▶ [DATA]

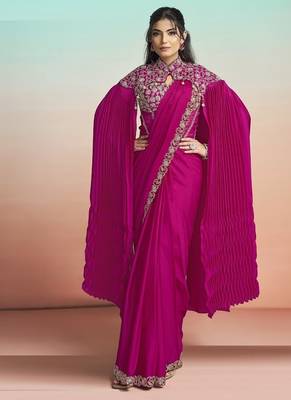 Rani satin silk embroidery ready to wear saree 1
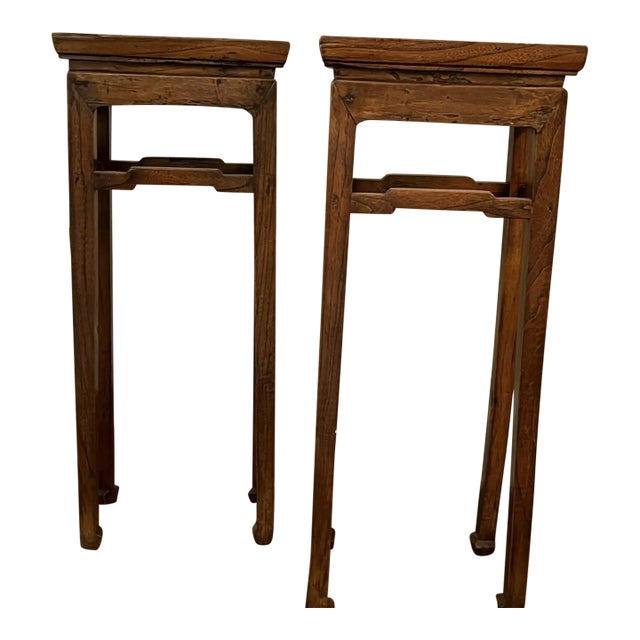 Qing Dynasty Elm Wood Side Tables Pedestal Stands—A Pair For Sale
==
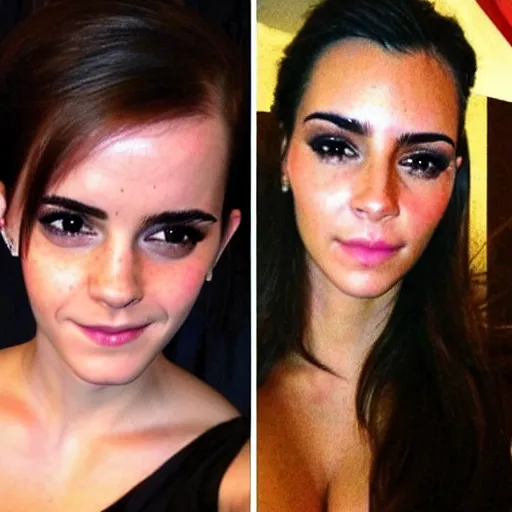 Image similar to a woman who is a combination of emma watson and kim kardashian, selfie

▶ [PROBLEM DESCRIPTION] From the records above, copy only the lines running from the line containing "Rani satin silk" to the line containing "Qing Dynasty Elm", both ends included. Leave the pictures out.

▶ [WRITTEN SOLUTION]
 Rani satin silk embroidery ready to wear saree 1
 Qing Dynasty Elm Wood Side Tables Pedestal Stands—A Pair For Sale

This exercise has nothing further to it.